Re: What is the Twistor Theory about?

Date: Wed May 10 09:46:32 2006
Posted By: Benjamin Monreal, Physics postdoc
Area of science: Physics
ID: 1147218390.Ph
Message:

Hello Yevgeniy,

I'm not an expert on twistor theory or twistor string theory, so I'm afraid my response will be based on the same sort of literature-search and browsing of abstracts that you can do yourself.

Twistor theory was invented by Roger Penrose in the 1960s, and was briefly thought to be a new avenue towards a Grand Unified Theory. Penrose worked on it for decades, but it didn't really answer the quantum-gravity questions Penrose hoped it would. Just a few years ago, though, Ed Witten began applying the "twistor" concept to some aspects of string theory, and this avenue seems to be productive and useful.

However, in the end it is not a new theory of physics. The things you normally think of as "new theories"---Randall-Sundrum, SO(10) grand unification, large extra dimensions---are ideas for actual new physical phenomena. The problem is, it's comparatively easy to write down new theories, and comparatively hard (sometimes impossible) to solve the equations they generate. You always want to ask some basic questions about your theory: "Does it give a 4-dimensional world? Does it allow for "inflation" at the big bang? Does it make spacetime stable, or does the universe explode or implode with no provokation? Does it explain gravity?" Hopefully your theory can answer these questions by spitting out some sort of equations---but sometimes the equations are simply too complicated to solve. Twistor string theory, if I understand correctly, is just a new way of solving the equations generated by existing theories.

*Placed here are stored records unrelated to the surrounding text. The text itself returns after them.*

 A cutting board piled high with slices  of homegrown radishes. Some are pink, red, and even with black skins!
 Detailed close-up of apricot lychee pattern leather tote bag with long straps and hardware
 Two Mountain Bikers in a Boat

In that sense, it plays a role similar to the role of the Feynman diagram. When quantum field theory---by Paul Dirac, to a large extent---it generated extremely messy and complicated equations even for very simple phenomena. It was absurdly difficult to calculate, e.g., the magnitude of the Lamb shift, a slight change in the spectrum of the hydrogen atom due to quantum electrodynamics. That changed dramatically when Feynman, Tomonaga, and Schwinger figured out how to reorganize the QED equations. They were able to split up the equation into small bits, and group the bits in order by size (a "perturbation series"). Then Feynman came up with his famous diagrams as a shorthand for the terms in this series. That turned QED from an esoteric challenge (one hears stories about graduate students spending years on a single calculation), into an everyday job. With Feynman's version of things, college physics majors are able to do accurate QED calculations which Dirac himself would have found impossible.

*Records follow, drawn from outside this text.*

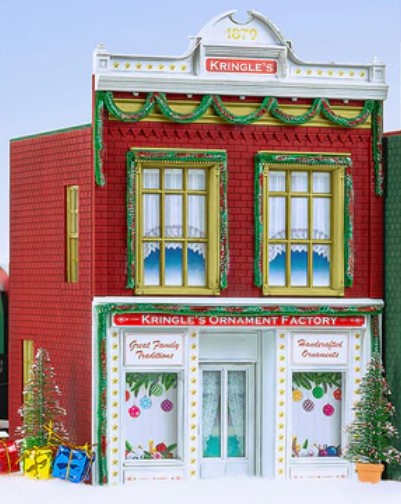 Model of Kringle's Ornament Factory with festive decorations against a clear blue sky.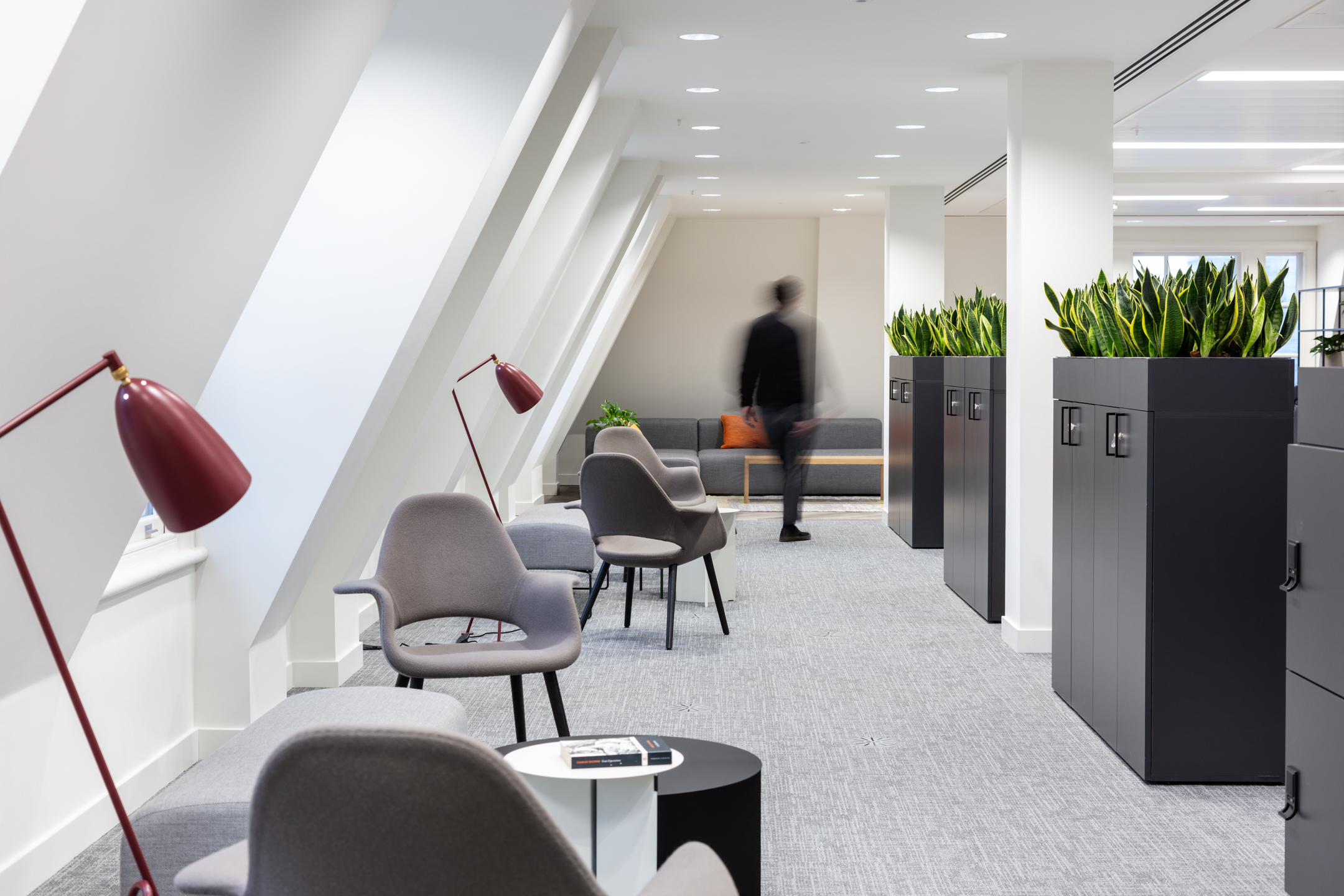 Hallway at 20 St James’s Street, Level 8 with lounge chairs, planters, and integrated lighting, leading to a spacious seating area; blurred motion adds a dynamic touch.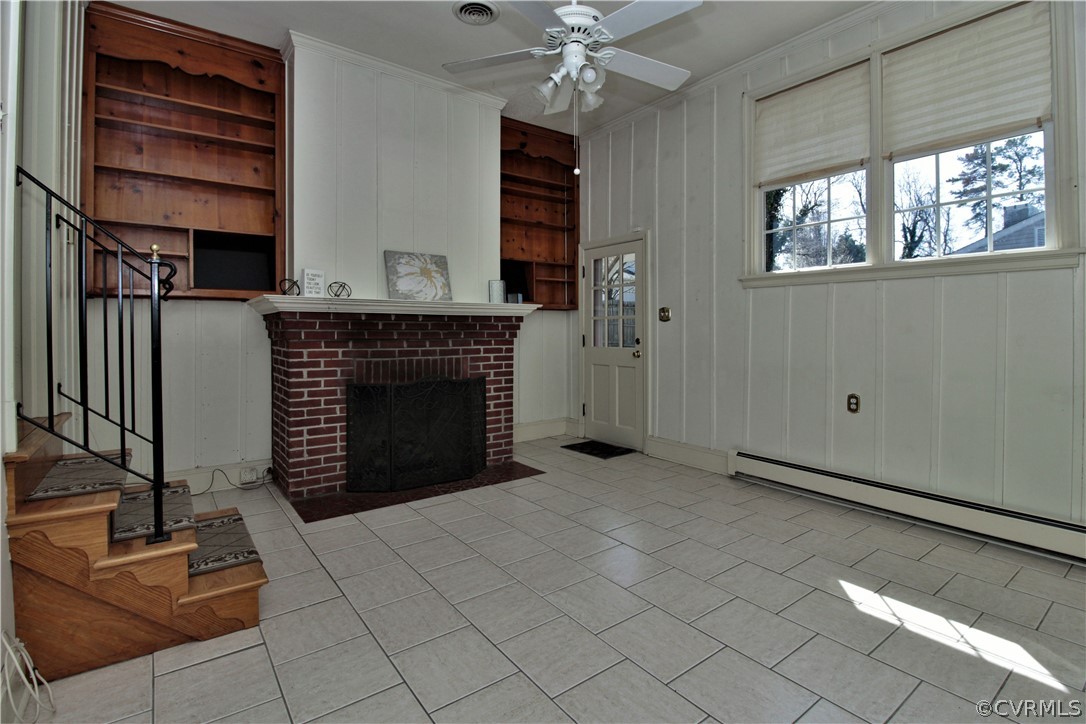 2931 Osborne Road Chester, VA 23831 - Photo 3 of 24 a view of an empty room with a fireplace and a window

Anyway, I think that twistors may be a modern version of this; in string theories, as in early-QED, many promising projects can get stalled when they run into a too-hard equation. Twistors may give us another way of organizing these theories in order to solve them. As such, I have heard that it is proving useful in making physics predictions for the Large Hadron Collider---it doesn't have any new guesses regarding black hole production, but it makes some Standard Model calculations easier.